Les députés entendent amender ce texte. Le rapporteur général Thibault Bazin et l’ancien ministre de la Santé Yannick Neuder (LR) ont conjointement porté un amendement visant à introduire « un filtre qualitatif préalable » de l’Ordre des médecins avant toute décision de la Cnam de placer un médecin sous MSAP ou MSO. Dans leur exposé des motifs, ces deux experts santé pointent que « la mécanique envisagée demeure trop homogène et risque de ne pas prendre en compte des situations parfaitement légitimes », comme celles de médecins à forte file active, dont l’activité justifie mécaniquement un nombre élevé d’IJ.
Les deux députés de droite ont également défendu un amendement précisant les modalités par lesquelles le médecin sous surveillance peut faire valoir ses observations, « par écrit ou lors d’un entretien avec le directeur de la caisse ». Il prévoit que « la poursuite de la procédure ne peut intervenir qu’après qu’une réponse écrite, quelle qu’en soit la teneur, a été apportée par l’organisme local d’Assurance-maladie », dans un délai contradictoire d’un mois entre la notification de la décision de MSO et sa mise en œuvre effective. « Une garantie minimale, respectueuse des droits de la défense et cohérente avec le principe général du contradictoire », peut-on lire dans l’exposé des motifs des élus qui notent qu’il « serait judicieux de rassurer les professionnels de santé ».
Une disposition « déjà prévue dans la partie réglementaire », a objecté le rapporteur du texte Patrick Hetzel (LR).
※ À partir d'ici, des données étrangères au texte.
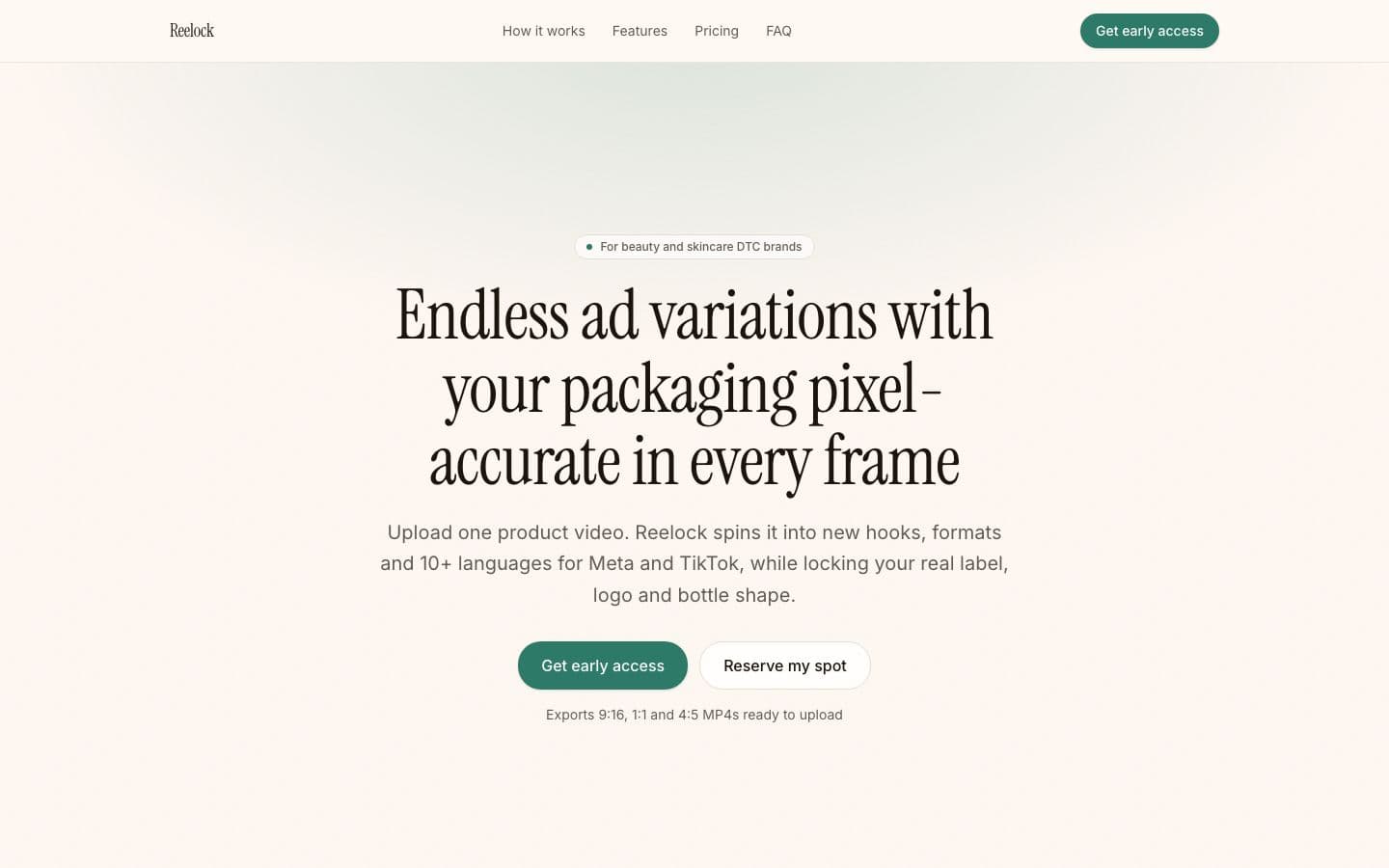 Reelock landing page example for the Ad Creative Volume Studio idea, desktop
Ce dernier a rappelé que près de 26 % des MSO ont été abandonnées suite à la phase contradictoire en 2023-2024. Sa logique étant de « faire de la MSO une étape indispensable » alors que la procédure de MSAP, chronophage, « mobilise de manière très forte les services de contrôle de santé ».
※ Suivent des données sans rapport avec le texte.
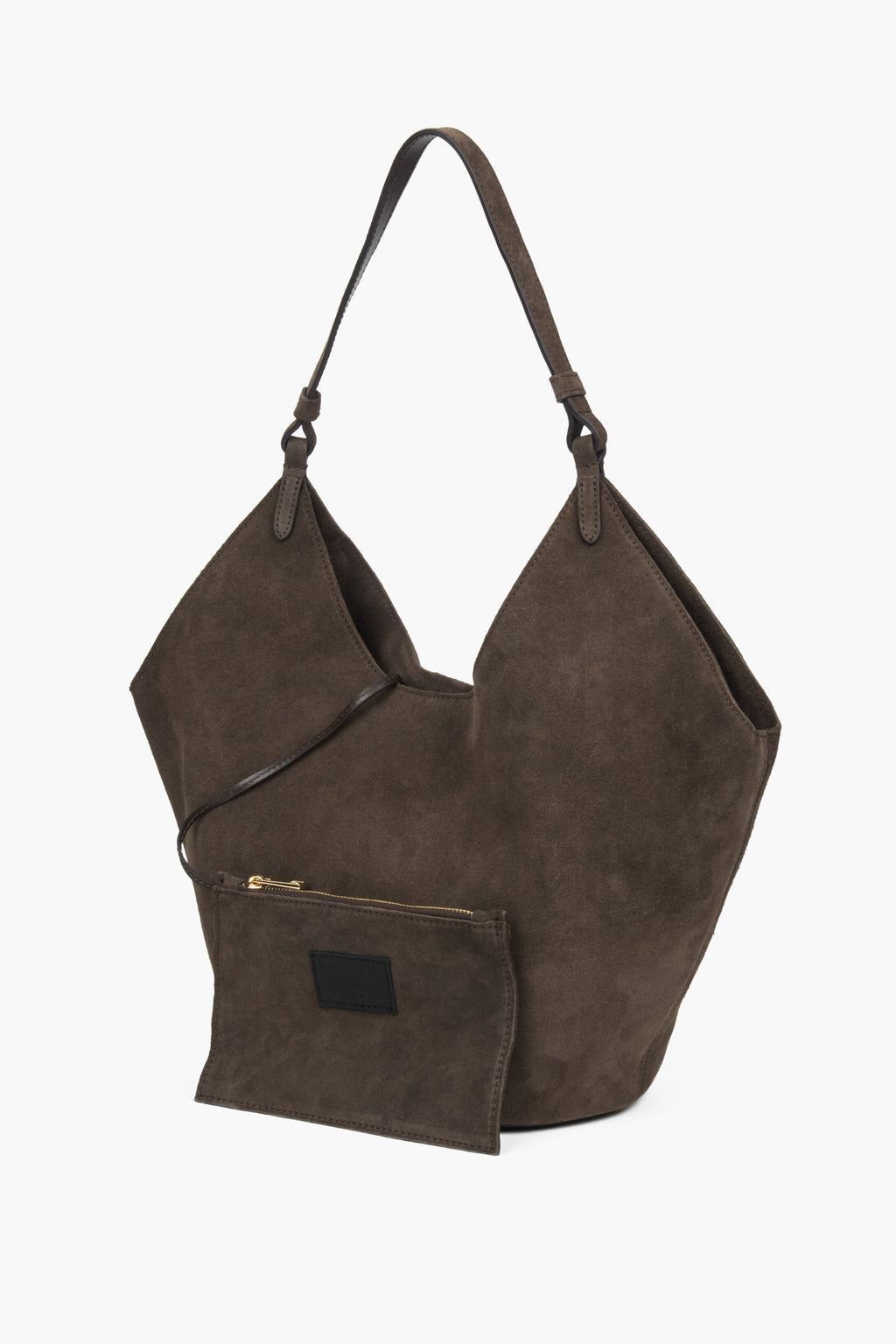 Damska ciemnobrązowa torebka typu hobo z włoskiego weluru naturalnego Premium Estro ER00118144.
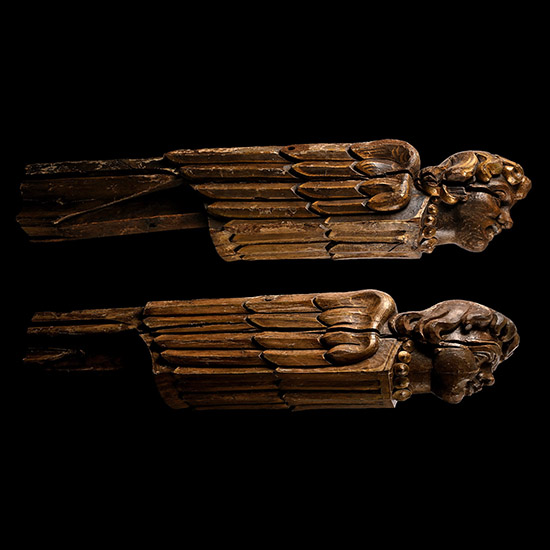 Massive Medieval Gilt Oak Hammer Beam Roof Angel Pair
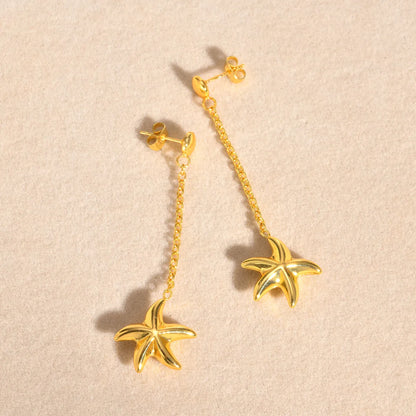 1 Pair Beach Simple Style Starfish Plating 201 Stainless Steel 18K Gold Plated Drop Earrings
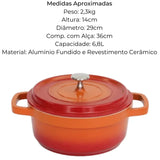 Caçarola Redonda Hercules Laranja 6,8l Hercules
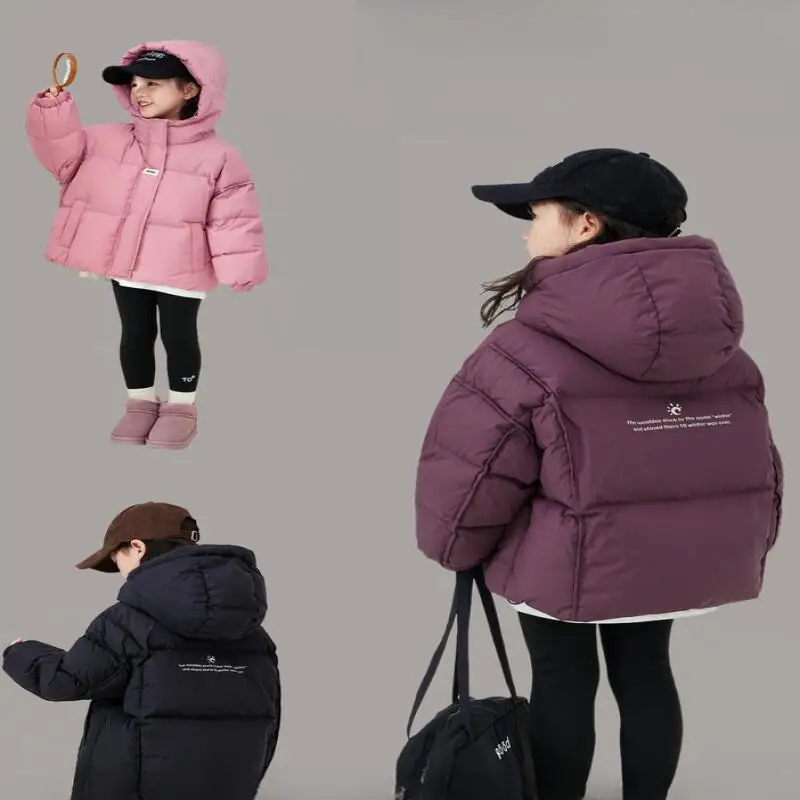 

Kawaii Casual Coat Tops Fashion Children S Clothing Girls Winter Jacket 2025 New Down Cotton Short Puffy Coat Thickened Kids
Conséquences disproportionnées
Une partie de la gauche a proposé en vain en commission de supprimer cette mesure de MSO obligatoire en cas de prescriptions excessives, argumentant que ces campagnes de contrôles « ciblent les malades et les médecins au lieu d’aller traiter les causes des arrêts maladie ». Le député insoumis Louis Boyard a fait valoir que les arrêts sont prescrits quand « le corps ne suit plus » ; les réduire irait « contre l’intérêt » de la santé des Français. Le Dr Paul-André Colombani (Liot) a lui aussi défendu sans succès un amendement de suppression de l’article dans sa globalité, soulevant des « sanctions particulièrement lourdes » contre les soignants, aux conséquences « disproportionnées » pour les patients.